一度踏みとどまろう。それで、きおさまに、「たいへん申し訳ないが、納得いく物作りをしたいので、今しばらくお時間いただけないか」とメールした。
きおさまからは、「いつまでもお待ちいたします」というありがたいお返事がきた。
その後一年くらい、私は水面下で、糸のこと、曜変天目のこと、ウジウジグジグジ研究しながら、別の仕事のを織っていた。
ひとつ、大きな発見は、静嘉堂文庫の曜変天目茶碗は、超ド級の宝だということだ。
曜変天目は、この世に3点あり、3点ともが日本に存在し、3点ともが国宝に指定されている。

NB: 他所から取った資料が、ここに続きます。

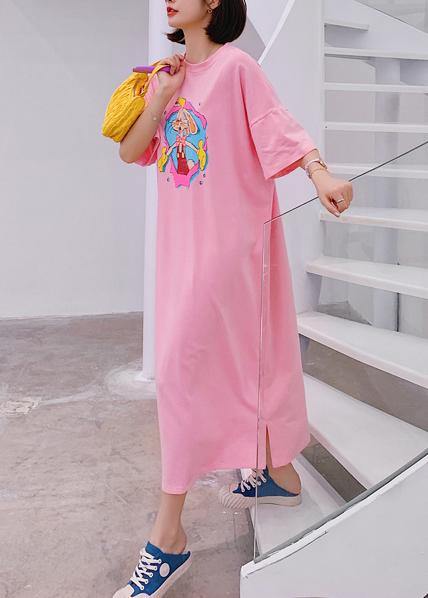 Modern O Neck Quilting Clothes Outfits Pink Cartoon Anime Print Long Dresses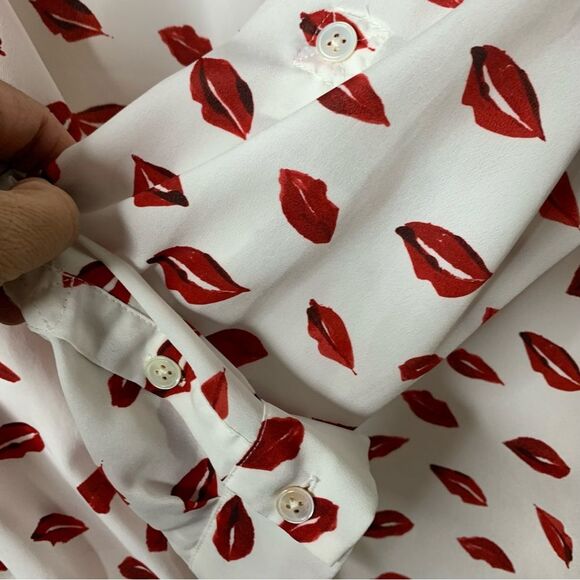 Joie Lips Top Button Up Top V-Neck Roll Tab Long Sleeve Pockets White Red Large - Picture 7 of 12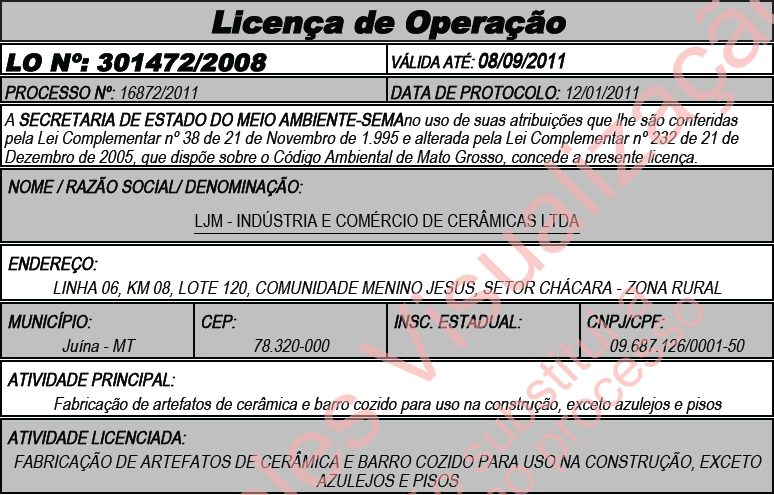 LO – LJM – Indústria e Comércio de Cerâmicas Ltda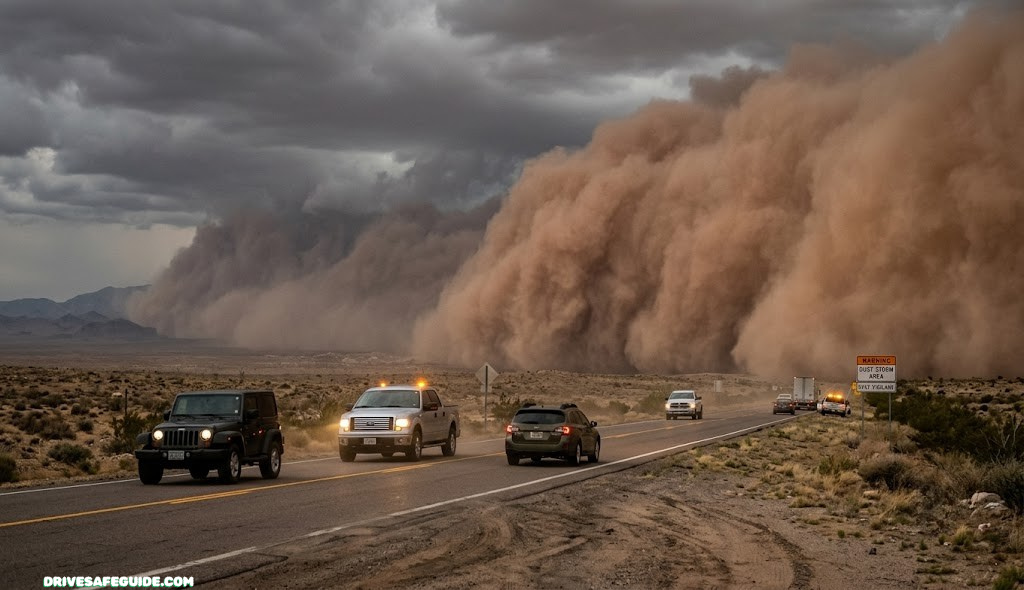 A wall of dust rolling across a desert highway toward oncoming traffic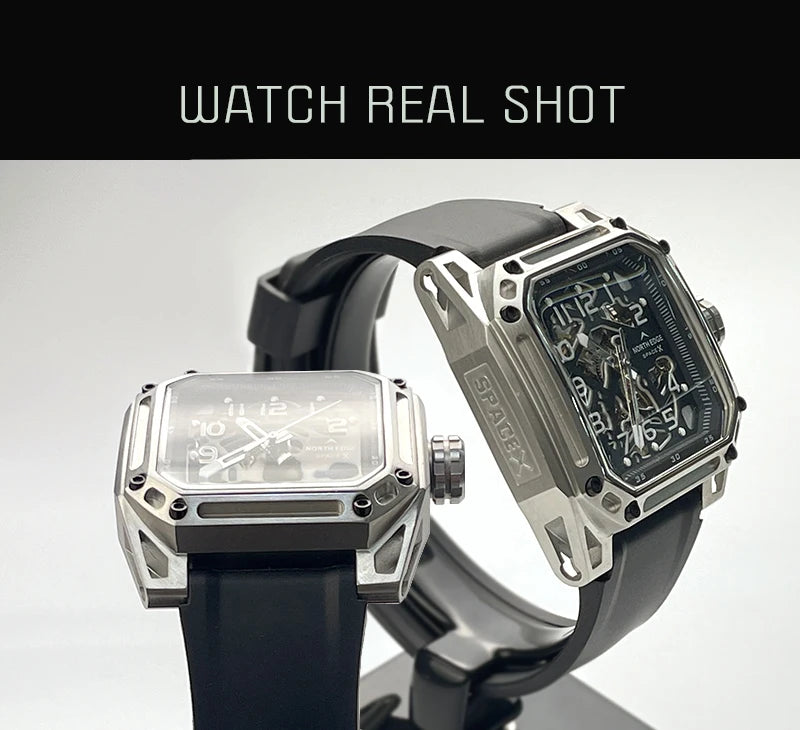 NORTH EDGE Men's Mechanical Watches Stainless Steel Skeleton Automatic Watch For Men Waterproof 100M Seagull's Movement Space X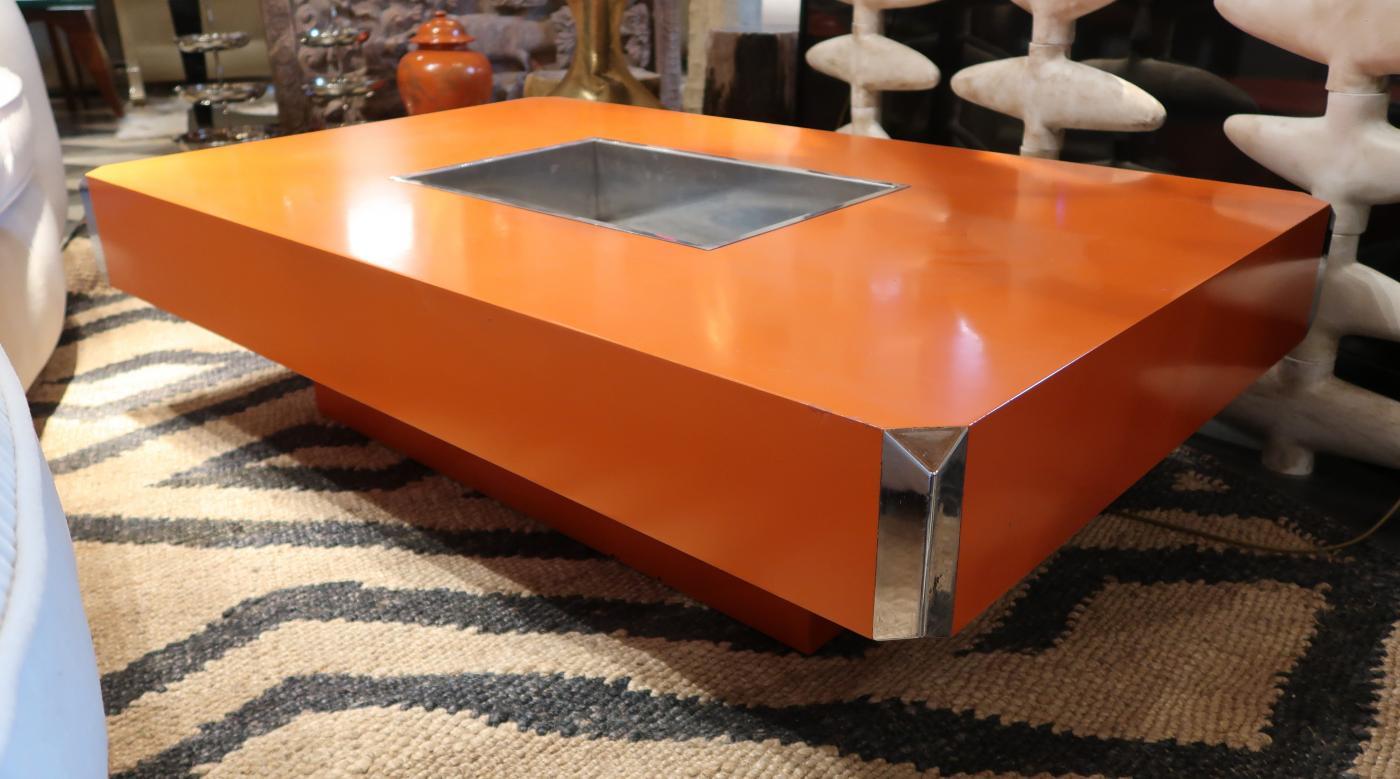 Mid-Century Modern Willy Rizzo, Alveo Orange Lacquered & Steel Midcentury Italian Coffee Table 1970 For Sale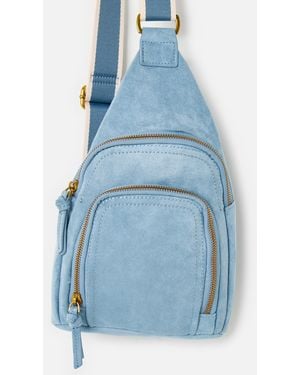 Oliver Bonas Reece Faux Suede Belt Bag - Blue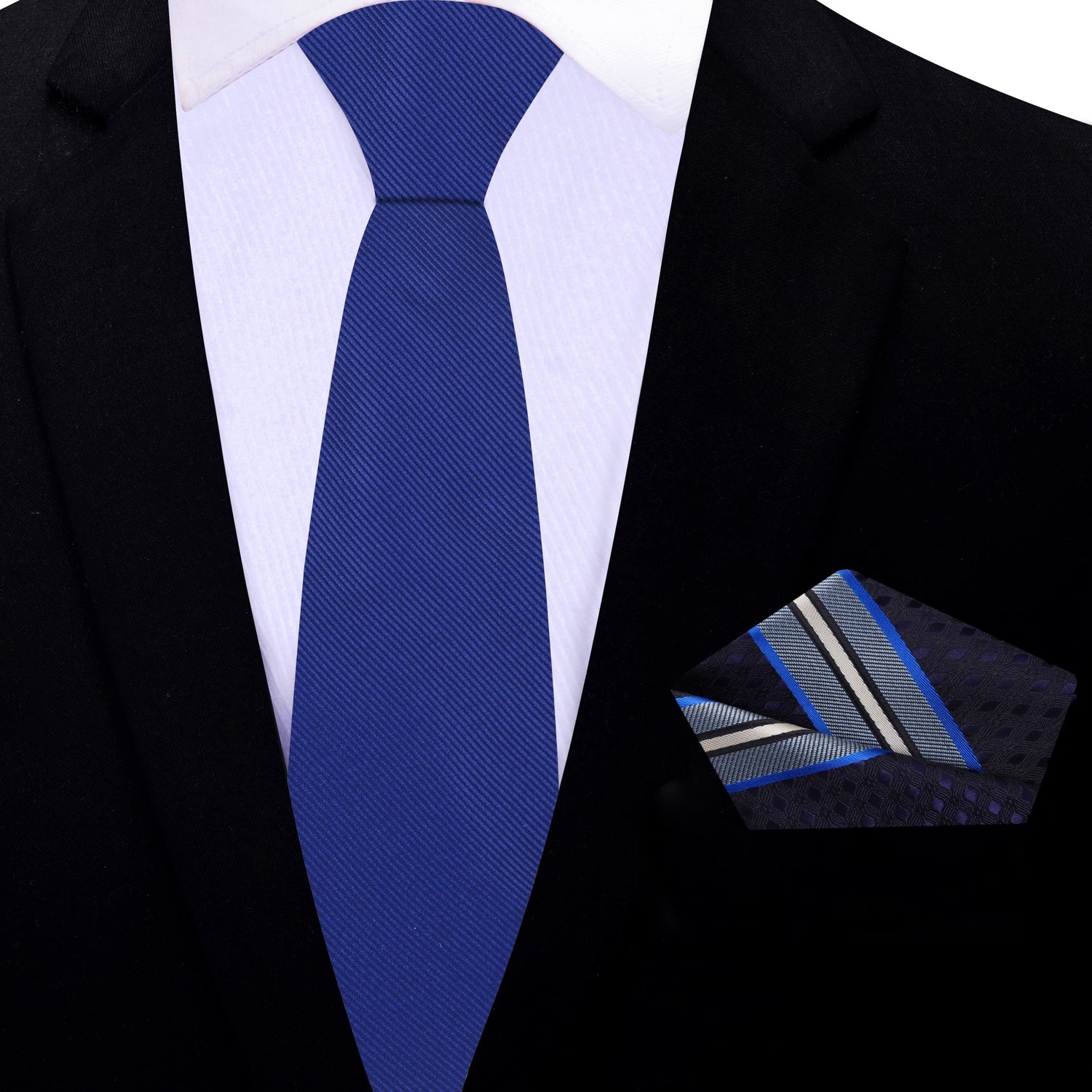 Thin Tie: Navy Blue Tie with Accenting Pocket Square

また、復元もチャレンジされていて画像検索するといろいろ出てくる。
私は、帯のデザインに発展させるには、これら、静嘉堂以外のからもアイディア拾えるかもしれないと、画像検索を繰り返した。まあまあ気に入ったのもあったので、プリントアウトしてみた。
そこで愕然。力がない。張りがない。みなぎるものがない、、、、静嘉堂のとまったく違う、、、、ああ、きおさまが、「静嘉堂文庫の曜変天目茶碗」と指定されたのが、やっと分かった。
それから、曜変天目の「曜」の字は、星の意味があることを知った。そっか、星ね。宇宙の星を目指せばいいのか。
静嘉堂文庫が、数年前に曜変天目を公開したときに、馳せ参じなかったことが、返す返すも悔やまれる。超ド級が出た時には、多忙とか疲れたとか心の余裕とか、そういうこっちの理由はかなぐり捨てて、行かなきゃダメだ。